Always doing the same thing.
And why not? It comes easily to you. Not without struggle, but with less struggle than your peers. You wondered why others found hitting a baseball or diagraming a sentence so difficult. Anyone can assemble a television from a do-it-yourself kit, right? — Lucado, M. (2005). Cure for the common life: living in your sweet spot (pp. 21–22). Nashville, TN: Thomas Nelson Publishers.
7. Think back on your life as a child. What inclinations did you have then that have come to full bloom as an adult?
[continued from quote above] Wrong. But David could. At the age of twelve, he did. He began the project with his dad. And when the navy called his father out to sea, David stayed at it. He spent after-school hours tracing diagrams, installing tubes, and soldering wires. By the time his father returned, the family had a new television. To this day, a quarter of a century later, David’s eyes still dance when he describes the moment the first image appeared on the screen. No surprise that he earned a degree in civil engineering. David loves to put stuff together.
He still does. Just ask the one hundred or so kids who attend Carver Academy, a state-of-the-art inner-city school in San Antonio. David Robinson built it. Yes, he played MVP-level basketball, but he also builds things. If the past is a teacher, he always will.
“The child is father of the man,” wrote William Wordsworth. Want direction for the future? Then read your life backward. — Lucado, M. (2005). Cure for the common life: living in your sweet spot (pp. 22–23). Nashville, TN: Thomas Nelson Publishers.
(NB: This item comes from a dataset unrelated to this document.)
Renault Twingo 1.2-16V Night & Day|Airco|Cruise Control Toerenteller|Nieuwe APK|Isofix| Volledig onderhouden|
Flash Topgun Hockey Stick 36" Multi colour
8. What do we learn about ourselves from Ephesians 2.10?
Scripture calls the church a poem. “We are His workmanship” (Eph. 2:10). Workmanship descends from the Greek word poeo or poetry. We are God’s poetry! What Longfellow did with pen and paper, our Maker does with us. We express his creative best.
You aren’t God’s poetry. I’m not God’s poetry. We are God’s poetry. Poetry demands variety. “God works through different men in different ways, but it is the same God who achieves his purposes through them all” (1 Cor. 12:6 PHILLIPS). God uses all types to type his message. Logical thinkers. Emotional worshipers. Dynamic leaders. Docile followers. The visionaries who lead, the studious who ponder, the generous who pay the bills. . . . Alone, we are meaningless symbols on a page. But collectively, we inspire. — Cure for the Common Life / Lucado, M. (2006). Grace for the moment® volume ii: more inspirational thoughts for each day of the year. Nashville: Thomas Nelson.
9. Can we live out this potential all by ourselves?